Main transfer station of the Rotterdam Metro

Beurs is a major subway interchange station in the center of Rotterdam. Underneath Churchill Square (Dutch: Churchillplein), the two lines through the city center (lines A-B-C and lines D-E) intersect. Passengers for Rotterdam Central Station change here to line D or E if they started their journey on line A, B, or C.

All destinations within the network are accessible from Beurs. Since December 2011, it has also been incorporated into the new RandstadRail network, resulting in a direct connection to The Hague (line E).

==History==
One of the oldest railway stations in Rotterdam was called Beurs, but that station was on the location where in 1953 Rotterdam Blaak was built.

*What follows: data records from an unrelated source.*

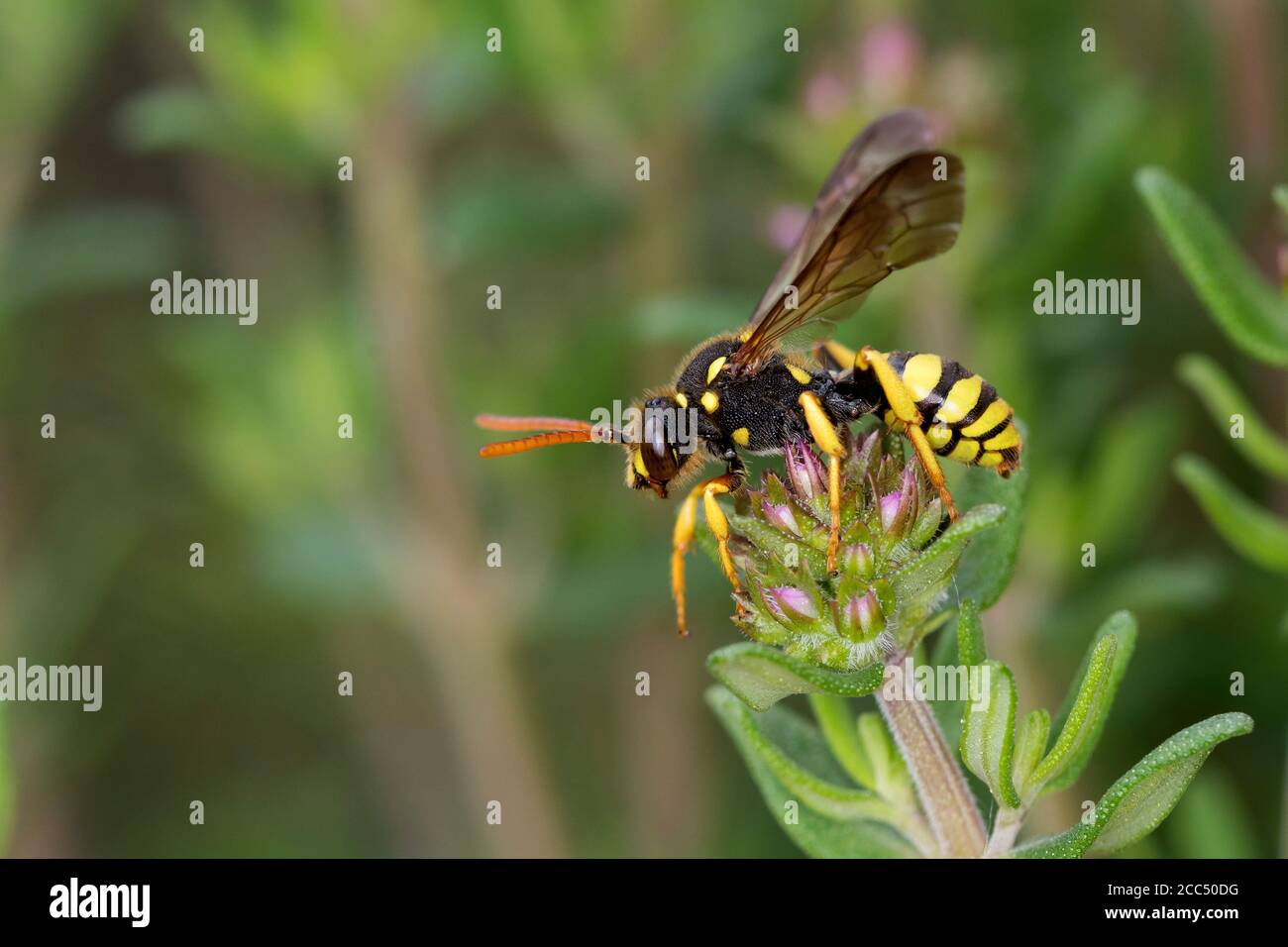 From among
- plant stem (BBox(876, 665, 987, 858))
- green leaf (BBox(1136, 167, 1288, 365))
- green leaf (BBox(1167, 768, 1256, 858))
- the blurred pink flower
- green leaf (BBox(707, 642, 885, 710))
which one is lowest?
green leaf (BBox(1167, 768, 1256, 858))

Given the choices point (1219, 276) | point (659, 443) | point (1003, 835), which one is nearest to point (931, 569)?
point (1003, 835)

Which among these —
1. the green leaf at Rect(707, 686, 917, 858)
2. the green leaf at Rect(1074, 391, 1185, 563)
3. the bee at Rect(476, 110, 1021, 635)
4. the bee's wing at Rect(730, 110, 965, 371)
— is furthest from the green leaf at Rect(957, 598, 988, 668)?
the green leaf at Rect(1074, 391, 1185, 563)

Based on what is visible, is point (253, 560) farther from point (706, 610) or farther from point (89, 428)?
Result: point (706, 610)

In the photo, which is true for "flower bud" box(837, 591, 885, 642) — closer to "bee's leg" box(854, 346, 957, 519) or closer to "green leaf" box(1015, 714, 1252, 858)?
"bee's leg" box(854, 346, 957, 519)

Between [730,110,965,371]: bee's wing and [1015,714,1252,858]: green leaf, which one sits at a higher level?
[730,110,965,371]: bee's wing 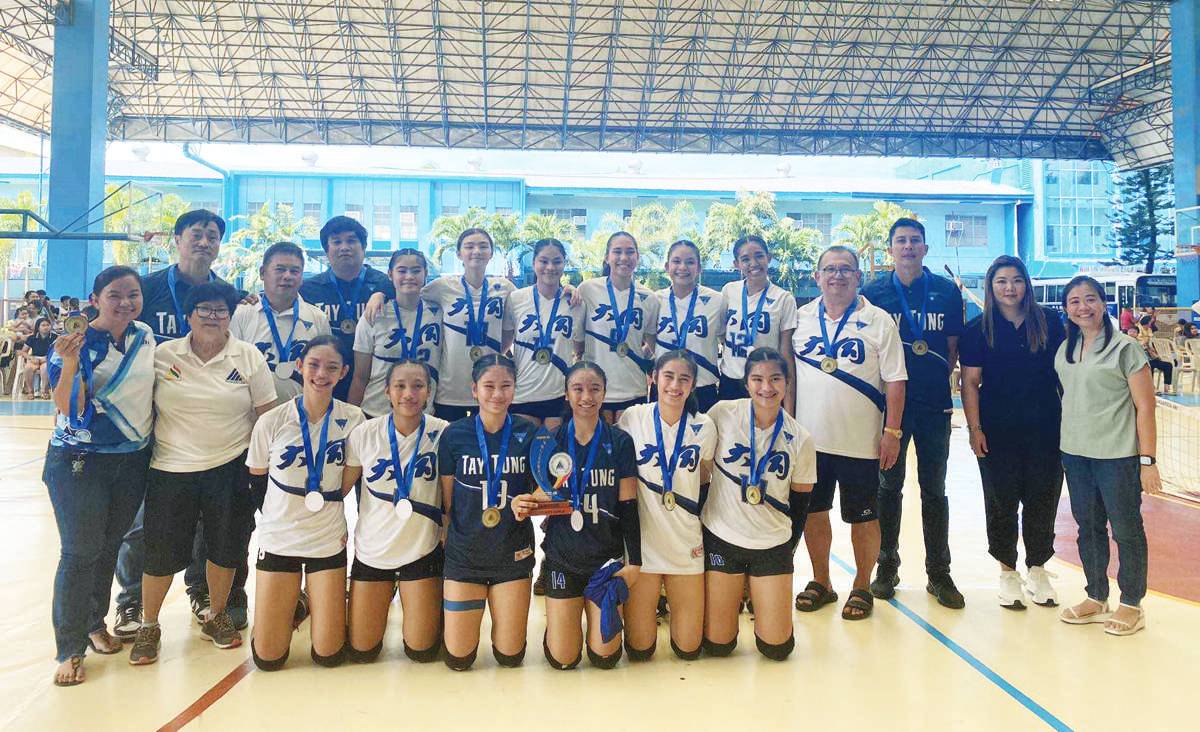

The metro station Beurs opened on 9 February 1968 on the North-South Line (also temporarily called Erasmuslijn). On 6 May 1982 a new station, Churchillplein, was opened nearby on the new East-West Line (also temporarily Calandlijn). Both stations were connected by an underground walkway. In 2000, this separate naming was abandoned. For a while, signs in the East-West Line-portion of the station still had 'Churchillplein' in a smaller font below 'Beurs', but this has been removed.

In 2002, the capacity of Beurs metrostation was doubled. In 2018, Beurs was the busiest metrostation of the Netherlands with 128.000 transit passengers per day. For 2024, another renovation was proposed.